» **DATASET EXCERPT**:
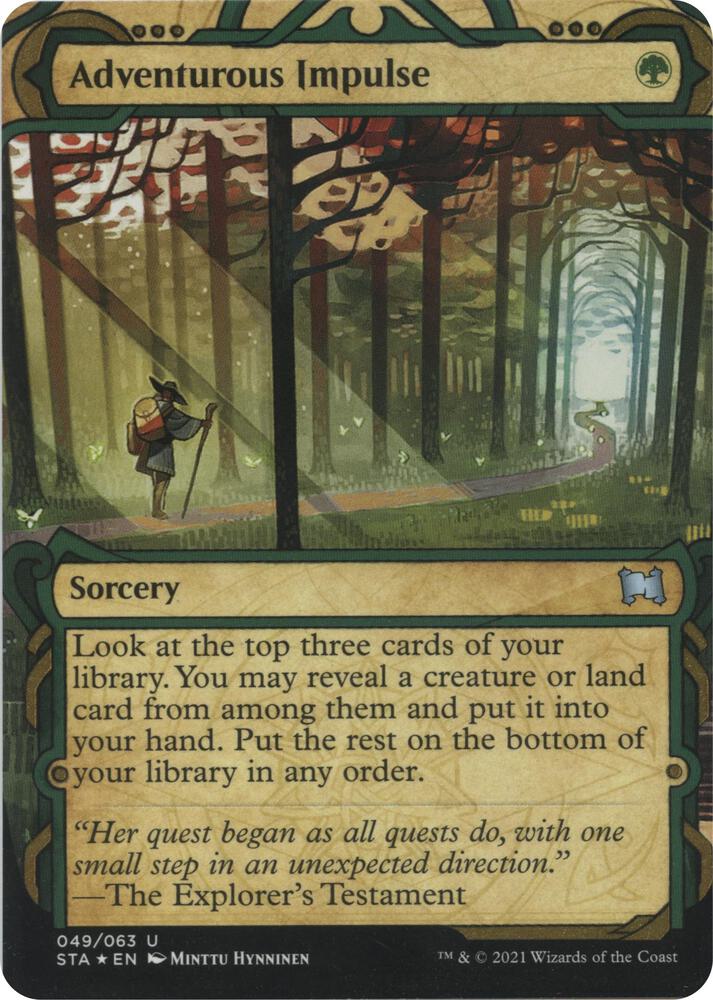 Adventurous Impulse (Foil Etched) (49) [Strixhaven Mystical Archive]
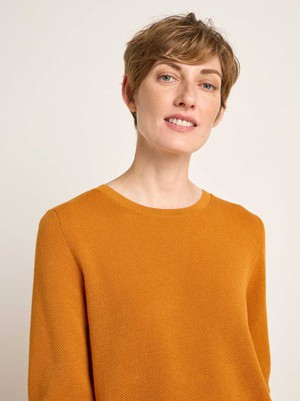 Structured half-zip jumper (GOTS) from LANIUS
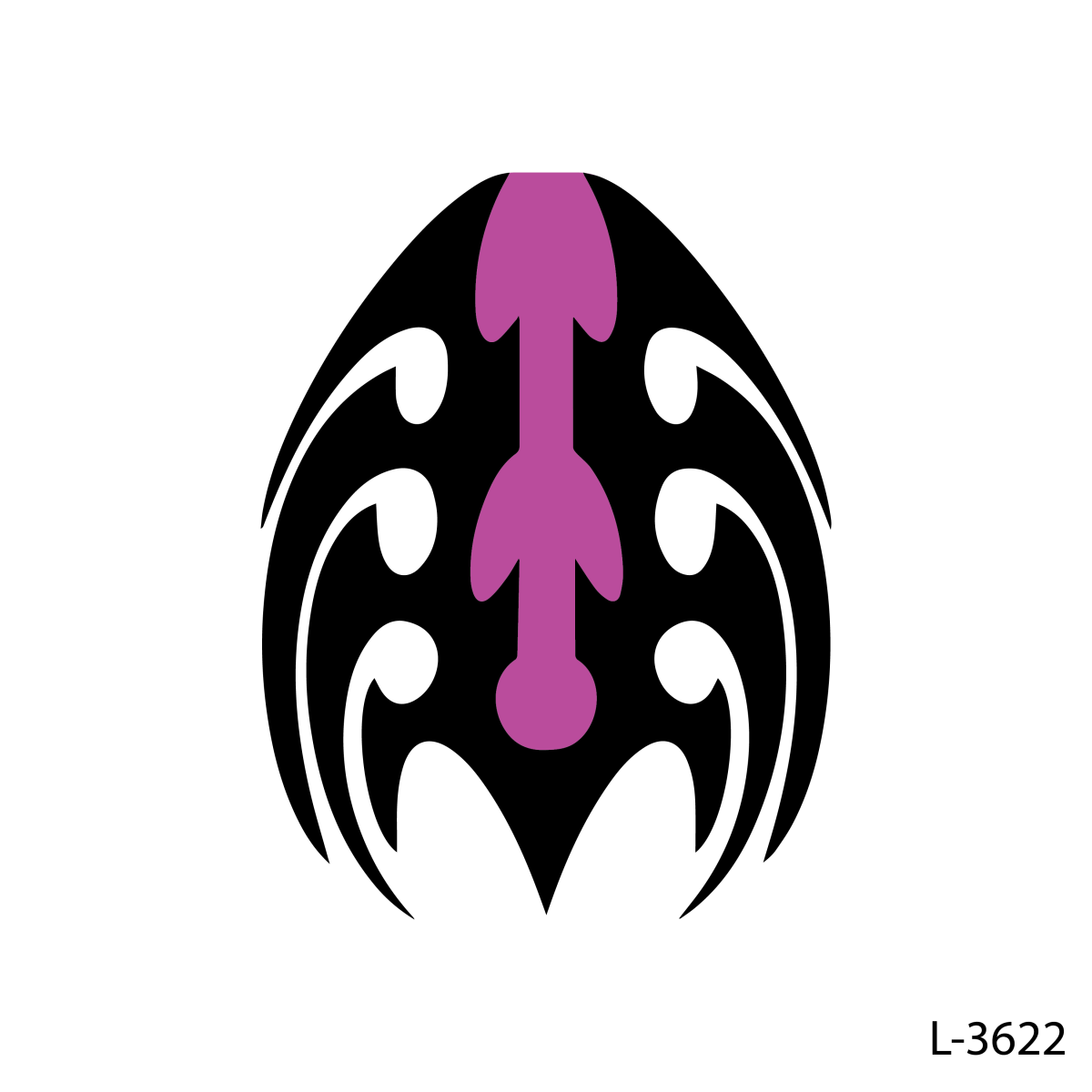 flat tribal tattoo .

» **WORK TASK**:
Copy out every line of the material above precisely, omitting the pictures.

» **TASK SOLUTION**:
 Adventurous Impulse (Foil Etched) (49) [Strixhaven Mystical Archive]
 Structured half-zip jumper (GOTS) from LANIUS
 flat tribal tattoo .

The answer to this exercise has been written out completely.